In her presentation, doctoral candidate Emilie Sleight of the University of Edinburgh in Scotland discussed her team's research, which found that CVR impairment is linked to small-vessel disease burden and predicts worse burden from white-matter hypersensitivities and perivascular space after one year.
"This work showed that CVR is a potential biomarker for small-vessel disease and should be considered for future studies and clinical trials," she said.
Sporadic cerebral small-vessel disease is the cause of about 20% of strokes and most vascular dementias, Sleight noted. No treatment is available for this, and understanding of the mechanisms behind the disease remains poor.
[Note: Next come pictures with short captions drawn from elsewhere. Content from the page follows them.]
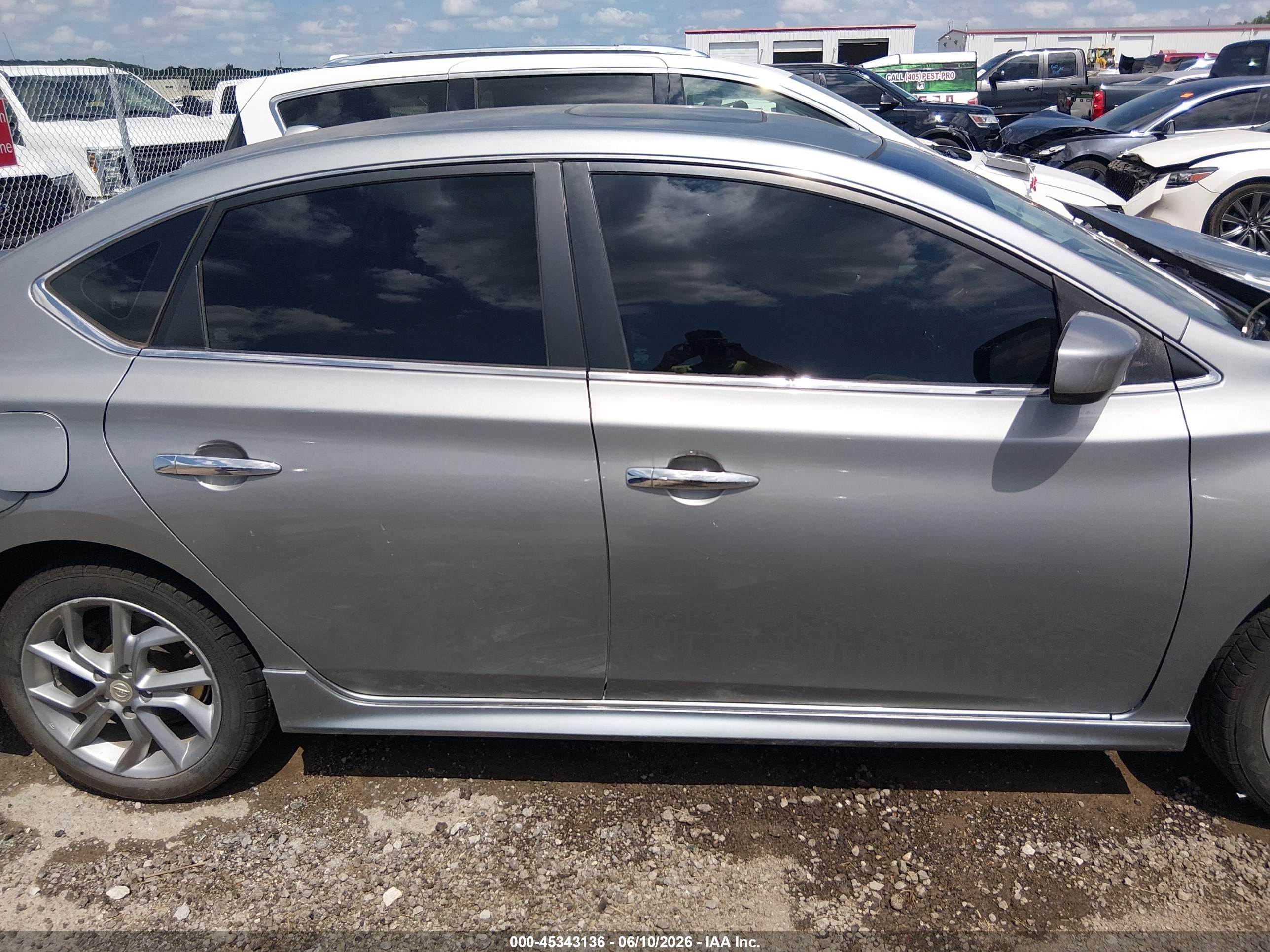 2014 Nissan Sentra Sr Gray vin: 3N1AB7AP4EY284414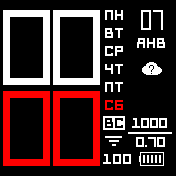 Tetris_Red_2 Amazfit BIP watchface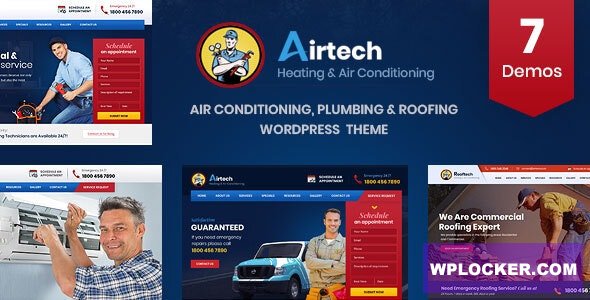 Airtech v3.4 - Plumber HVAC and Repair theme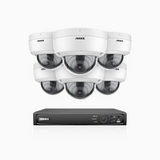 H800 - 4K 16 Channel 6 Cameras PoE Security System, Human & Vehicle Detection, EXIR 2.0 Night Vision, 123° FoV, RTSP  Supported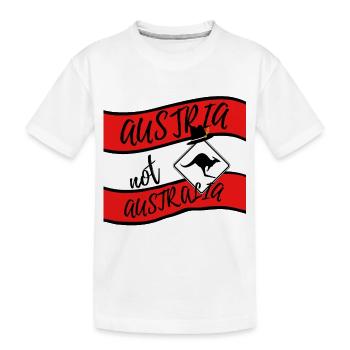 Autriche Design - L’Autriche et non l’Australie Dicton - T-shirt bio Premium Enfant - blanc - Devant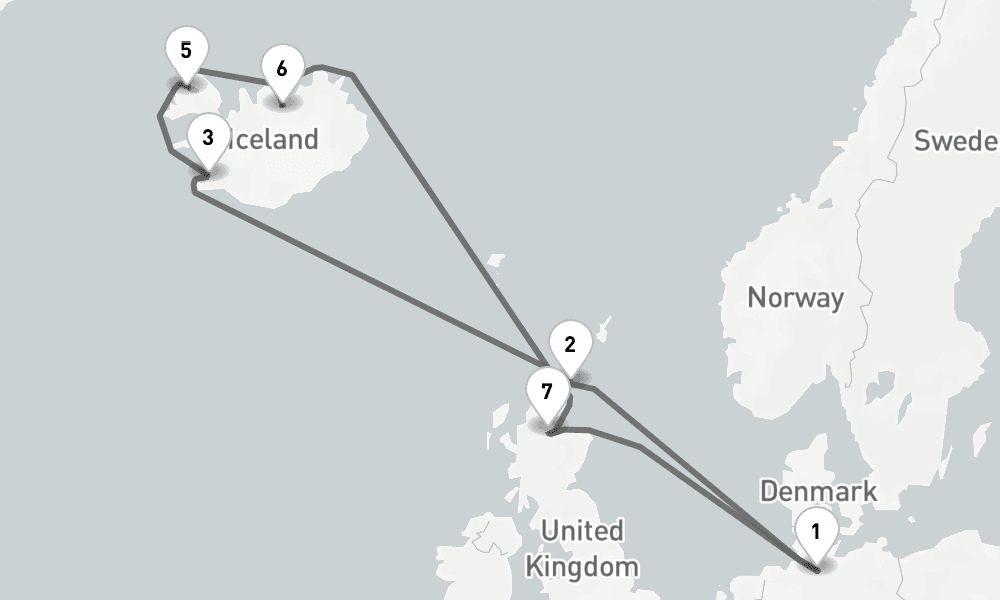 12 days, round-trip - Islands Naturwunder - AbBis Hamburg 13日間
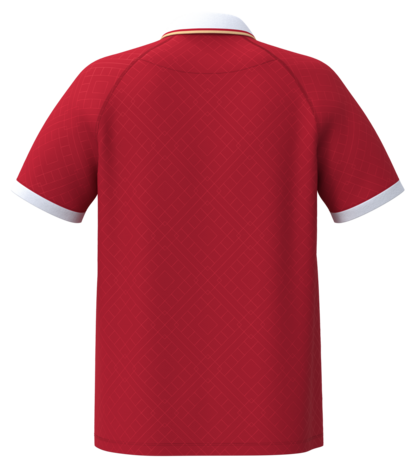 Proact Lifestyle sportpolo uniseks | Red-White-Gold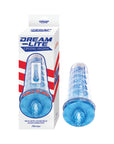 Dream-Lite Crystal Vagina Masturbator Blue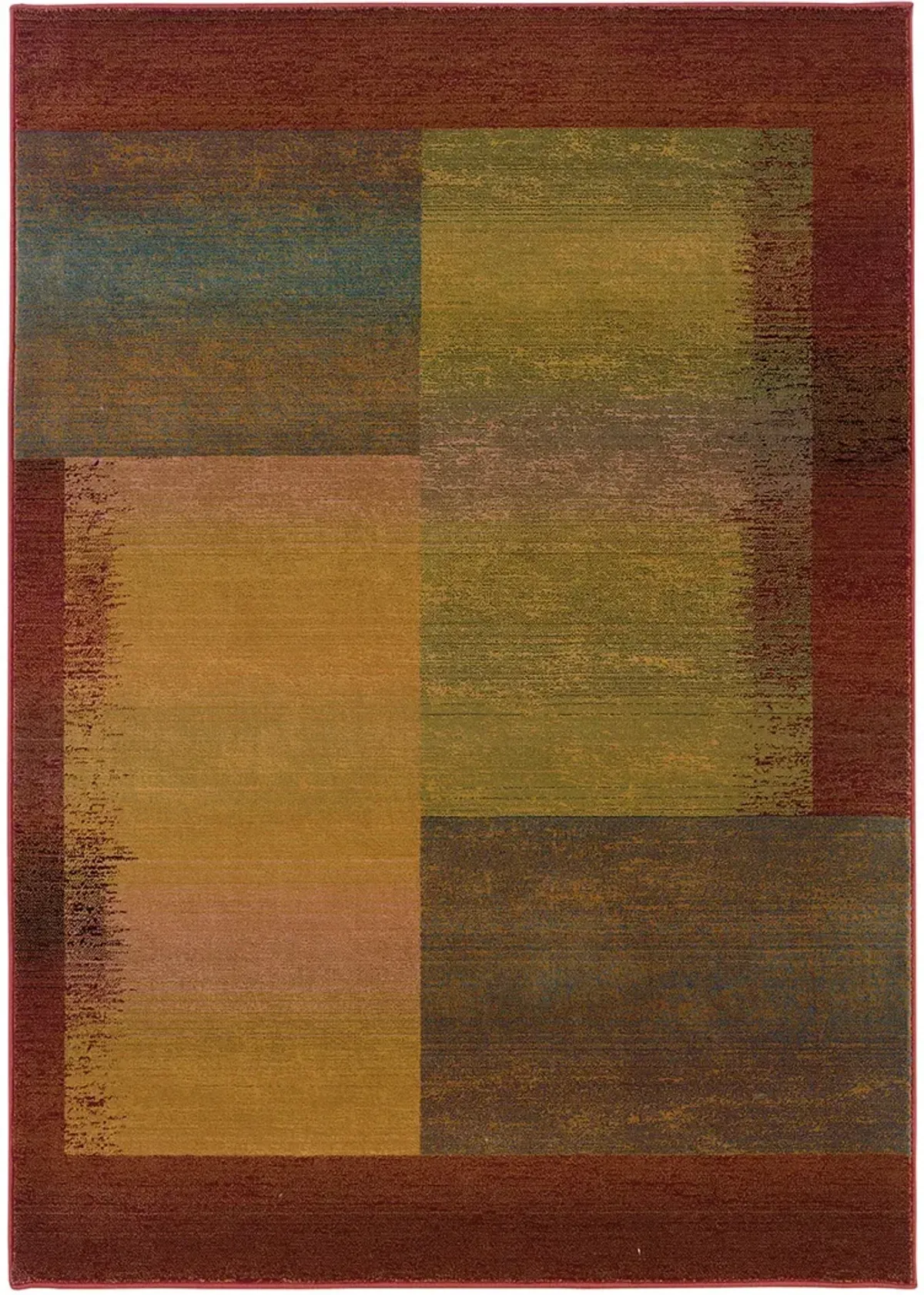 Kharma II 2'6" x 9'1" Green Rug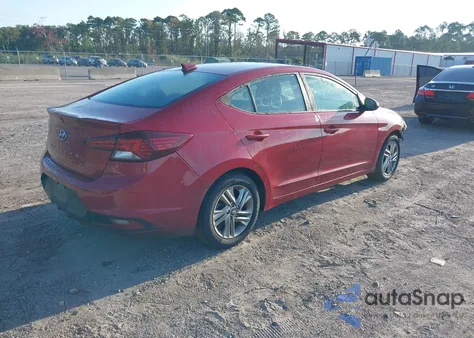 2019 Hyundai Elantra Sel z USA, uszkodzony, nr VIN KMHD84LF3KU743521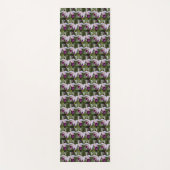 Purple Cattleya Orchids Floral Pattern Yogamat (Voorkant)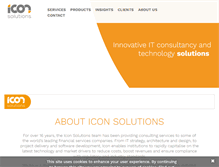 Tablet Screenshot of iconsolutions.com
MRI can visualize brain tissue damage caused by small vessel disease, including white-matter hyperintensities, lacunes, microbleeds, perivascular spaces, and atrophy. Because small-vessel disease is of vascular origin, there may be a relationship between MRI findings and vascular dysfunction, Sleight said.
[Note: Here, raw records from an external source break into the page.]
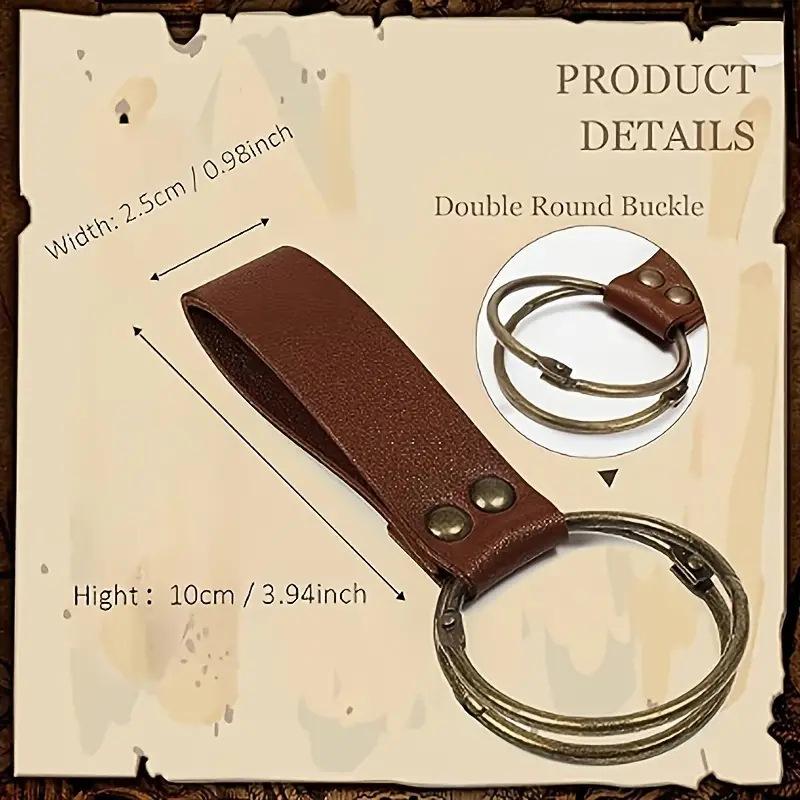 Cosplay Medieval Retro Belt Renaissance Waist Bag Viking Knight Skirt Clip Keychain Halloween Role-playing Prop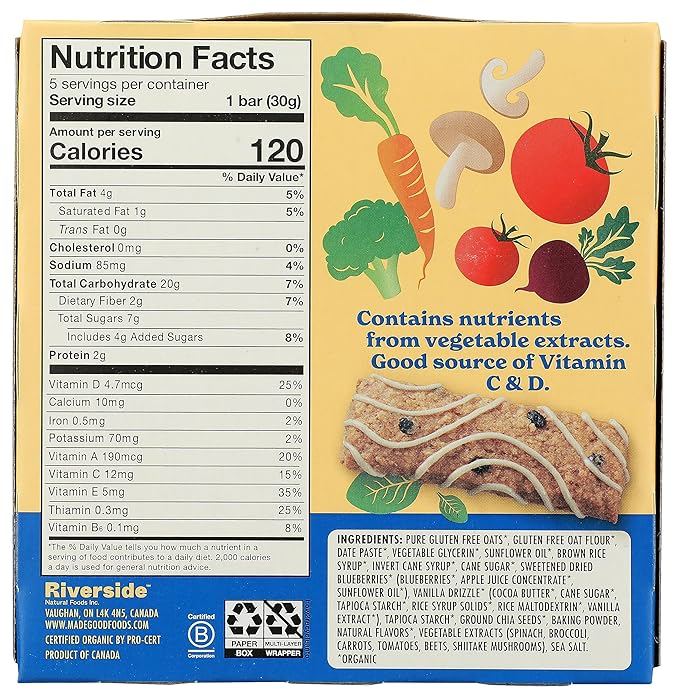 Made Good Mornings Oat Bars Bluberry 6ct - Image 2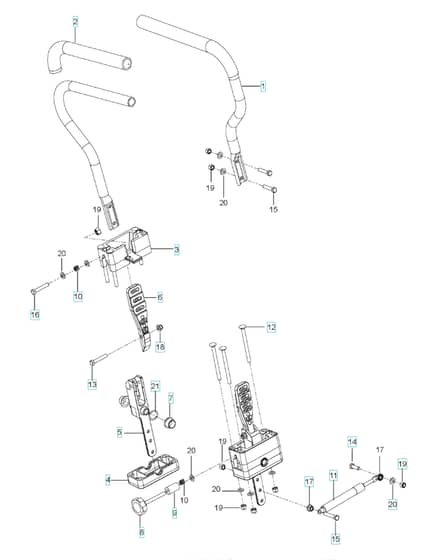 Husqvarna Rz4219 F - Steering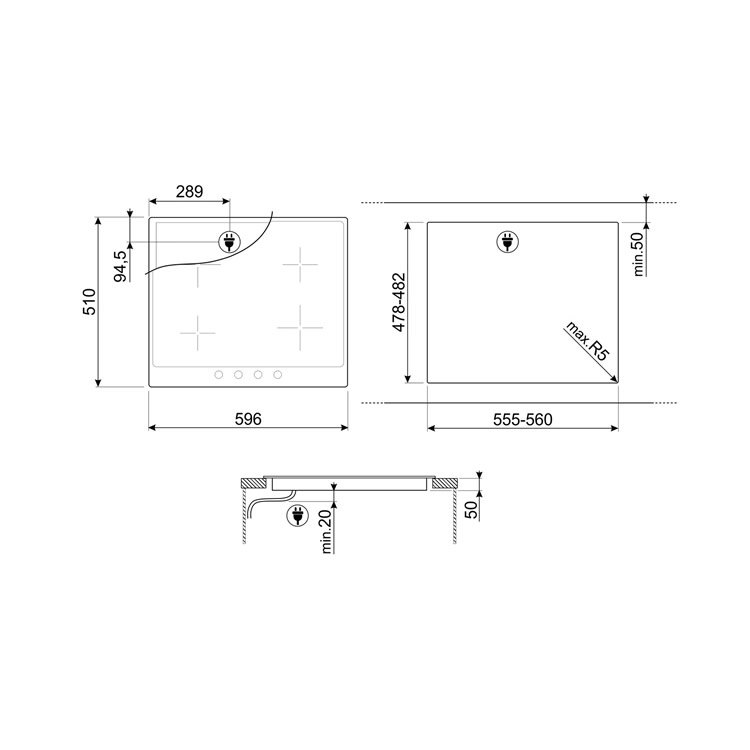   SMEG SI764BSM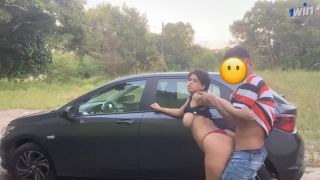 🔥Hot Ass Fucks With Uber In Abandoned Place, She Said It Was Hurting -5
Her group sought to explore CVR reactivity any links between impairment and tissue damage and the progression of such damage one year after stroke diagnosis. They conducted a study that used data from the university's Mild Stroke Study 3 (MSS3), which recruited 182 small-vessel disease patients with minor ischemic stroke (stroke score of 1 out of 4). Within three months after having a stroke, the patients presented for baseline 3-tesla MR imaging, which the researchers used to quantify CVR reactivity; they returned for follow-up after a year. MRI exams visualized patients' intermittent breath intake of carbon dioxide (CO2) gas and medical gas to map CVR and acquired blood oxygen level-dependent images.
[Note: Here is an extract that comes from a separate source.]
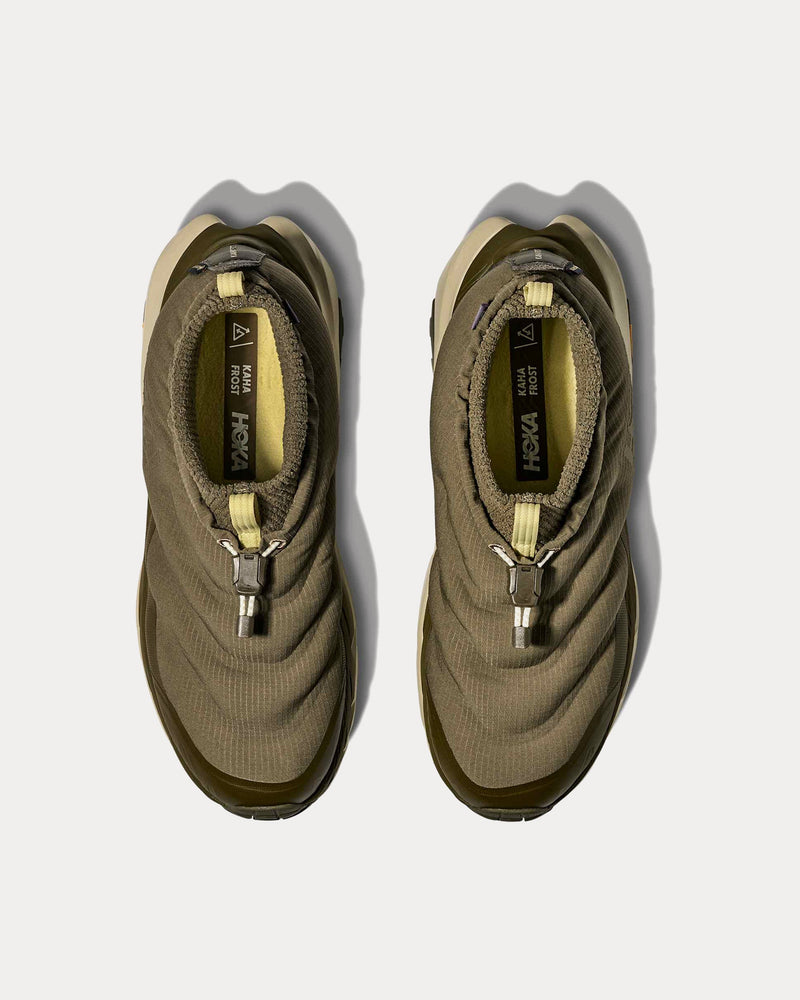 HOKA Kaha 2 Frost Moc Gore-Tex Antique Olive / Spruce Green Slip On Sneakers - 2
Patients with lower CVR reactivity at baseline had higher white matter hyperintensity volumes and a higher number of lacunes and microbleeds, the group reported, but there were no significant differences in brain volumes or perivascular space volumes between high and low CVR activity.
For longitudinal analysis, one year after baseline analysis, the team included data from 163 patients with median small-vessel disease score of two. It found increased white-matter hyperintensity volumes in those with lower CVR, suggesting underlying damage that was not visible at baseline imaging. These results remained true even after adjusting for factors such as sex, age, and vascular risk. Additionally, it reported that those with lower CVR reactivity at baseline saw a significant increase in perivascular space volume.
Sleight said she and her team hope future research will refer to these findings to better understand the mechanisms behind small-vessel disease develop a successful treatment method for it, adding that they plan to look next at CVR data at a follow-up of three years.